18.1. Based on the submissions made by the assessee and the findings of the CIT(A), we have carefully examined the issue of seized cash in relation to A.Y. 2019-20. We observe that the assessee has provided a reasonable explanation regarding the source of the seized cash. The cash was generated from the hospitality business, where significant amounts of cash are regularly handled, and the receipts were yet to be recorded in the books due to the timing of the search. The assessee’s contention that the cash represents business receipts from daily operations aligns with the nature of its business activities and the usual practice in the hospitality industry of dealing with cash transactions. The CIT(A) correctly observed that the seized cash was part of the normal business income and not unexplained. The AO's invocation of Section 69A to treat the seized cash as unexplained income is not justified in this case. Section 69A applies when money is found in possession of the assessee for which no explanation is provided. However, the assessee has provided a plausible explanation supported by evidence that the cash was generated from the business and was not accounted for yet. Since the unaccounted receipts and payments for the relevant period were already considered for taxation, adding the seized cash separately would lead to taxing the same income twice. The CIT(A) rightly deleted the addition, recognizing that a substantial portion of the unaccounted income had already been brought to tax and that the addition would result in duplication. The grounds of the Revenue are dismissed, and the CIT(A)’s order in relation to the seized cash for A.Y. 2019-20 is confirmed.

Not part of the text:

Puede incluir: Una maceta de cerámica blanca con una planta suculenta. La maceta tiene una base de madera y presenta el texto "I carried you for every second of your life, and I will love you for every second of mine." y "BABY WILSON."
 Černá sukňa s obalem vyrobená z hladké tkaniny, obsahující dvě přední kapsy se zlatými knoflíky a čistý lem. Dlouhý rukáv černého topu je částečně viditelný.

IT(ss)A No.64/Ahd/2022 along with 10 other appeals (By assessee and By Revenue) Sankalp recreation Pvt.Ltd. vs. ACIT. Asst. Years : 2013-14 to 2019-20 33
Assessee’s ground No. 5 in case of A.Y. 2019-20 i.e.
relates with an addition of Rs.1,50,000/- by AO u/s 69C of the Act which is not adjudicated by the CIT(A). The same is not adjudicated as the same is not pressed for considering the smallness of the amount.
Thus, in the combined result, all the four appeals of the Revenue in IT(ss)A Nos. 49, 50, 51/Ahd/2022 & ITA 569/Ahd/2022 are dismissed, and appeals of the Assessee in IT(ss)A Nos.64, 65, 66, 67, 68, 69/Ahd/2022 and are partly allowed as discussed hereinabove.
Order pronounced in the Open Court on 24 September, 2024.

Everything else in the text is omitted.